D’Agostino said Rodriguez was responsible for “countless hours wasted” while representing SUNY Upstate Medical University/Upstate Healthcare Center against a civil rights suit.

“This case began over two years ago, and AAG Jorge A. Rodriguez has been representing defendant for more than two years,” D’Agostino wrote.

“By failing to file a motion on this dispositive issue earlier, the attorney general’s office not only wasted their own time and resources but also wasted plaintiff’s counsel’s time and resources and this court’s time and resources,” D’Agostino wrote.

The New York attorney general’s office responded Nov. 22 that it didn’t include the exhaustion argument earlier because the date that the claim accrued was in dispute. The office also relied on “unequivocal representations” in the suit that it met all conditions needed to sue, the response said.

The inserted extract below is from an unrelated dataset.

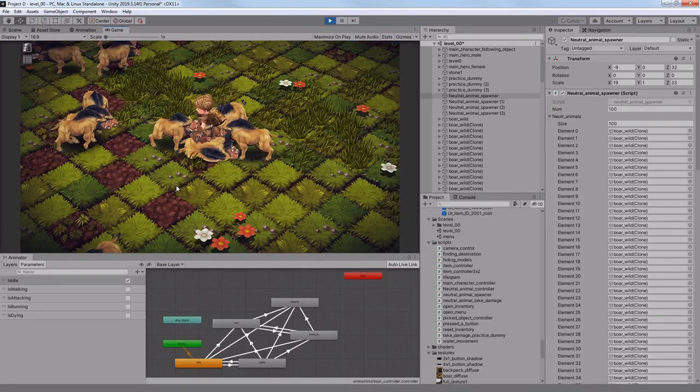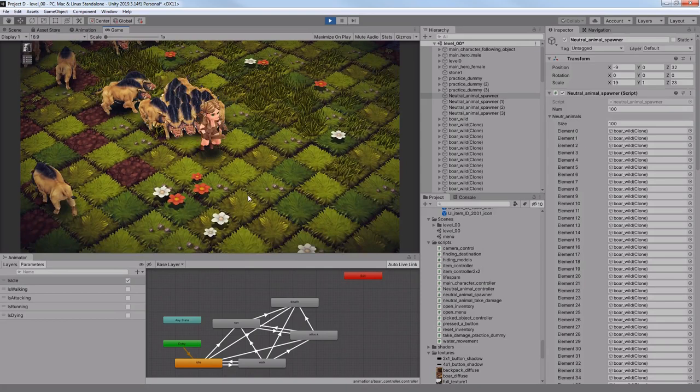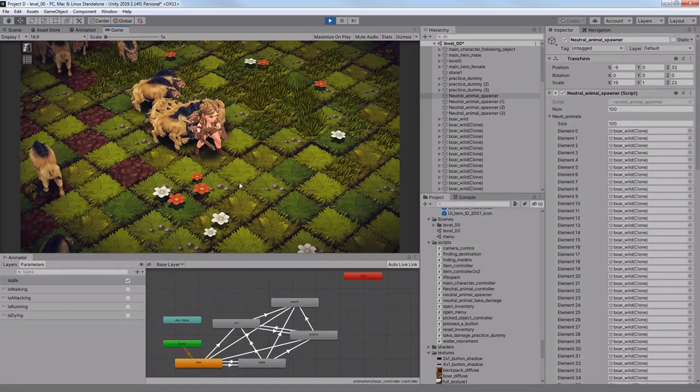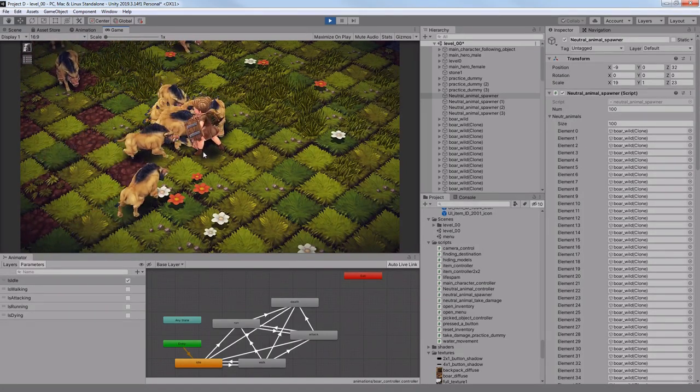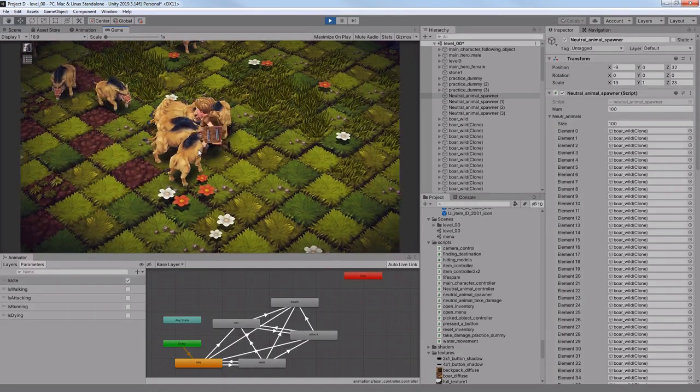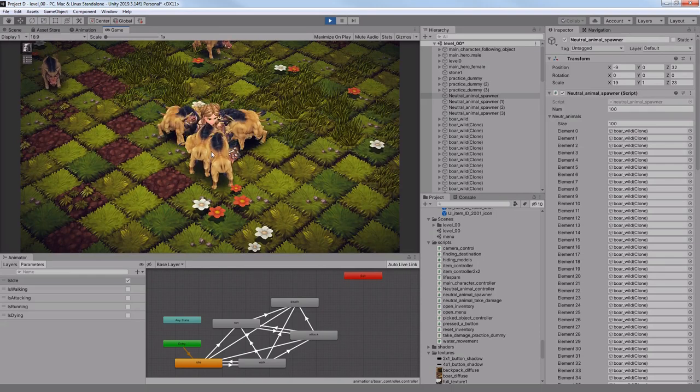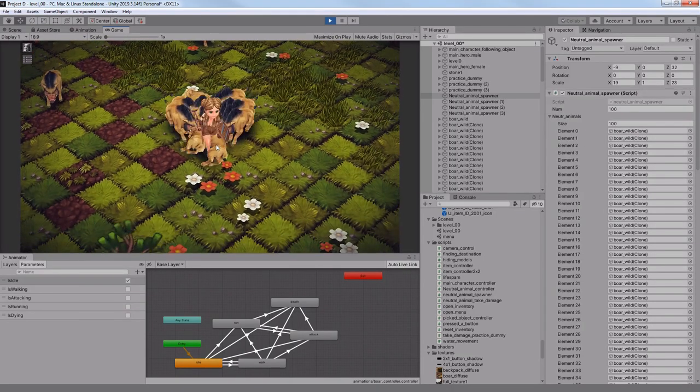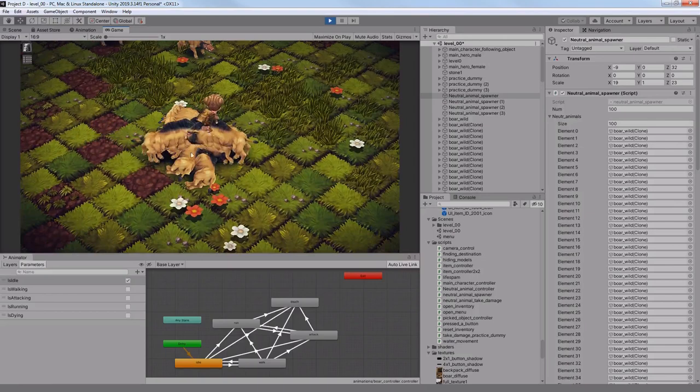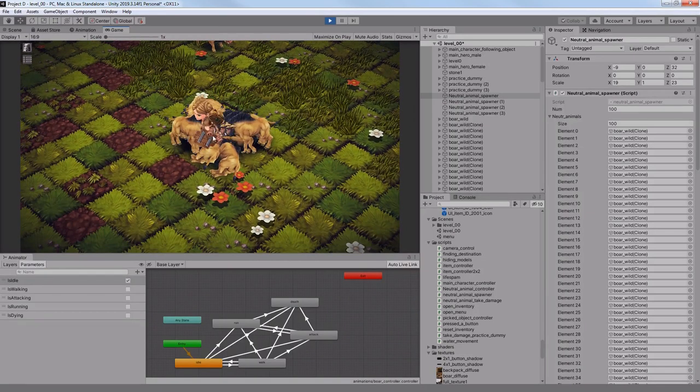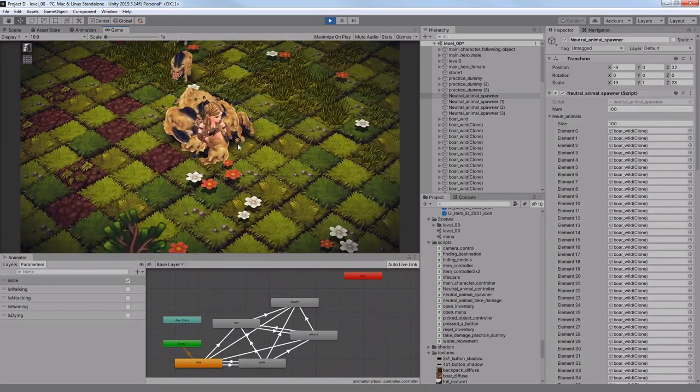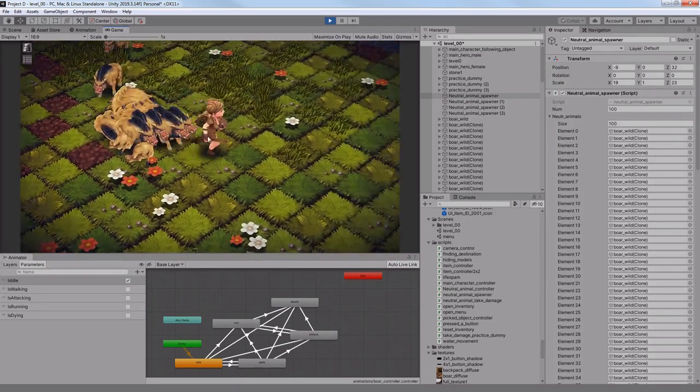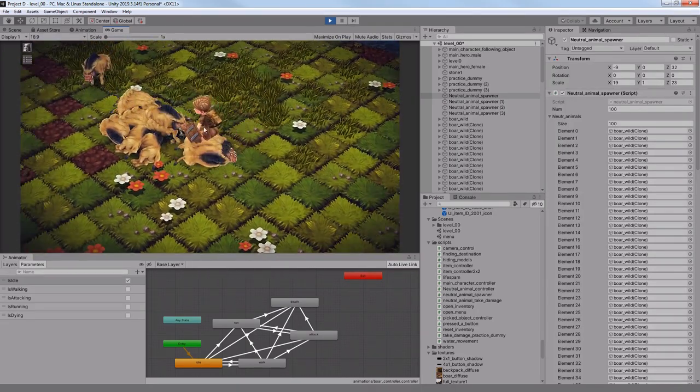The enemy corpses should disappear after a while, because right now sometimes I try to select another enemy, but I keep selecting a dead boar instead. And most importantly, my character is immortal right now, which removes a fear to die and less joy to fight, so implementing a hit point system is also important as soon as possible.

In addition, the defense did not at any point receive a copy of the EEOC charge filed by the plaintiff, Rodriguez said in a declaration submitted with his office’s response.

After D’Agostino dismissed other discrimination claims by the plaintiff, it became clear that there was only one remaining claim of retaliation, and the plaintiff did not file a claim with the EEOC within the required 300-day window, Rodriguez said in his declaration.

D’Agostino hadn’t issued a decision on sanctions by Nov. 28.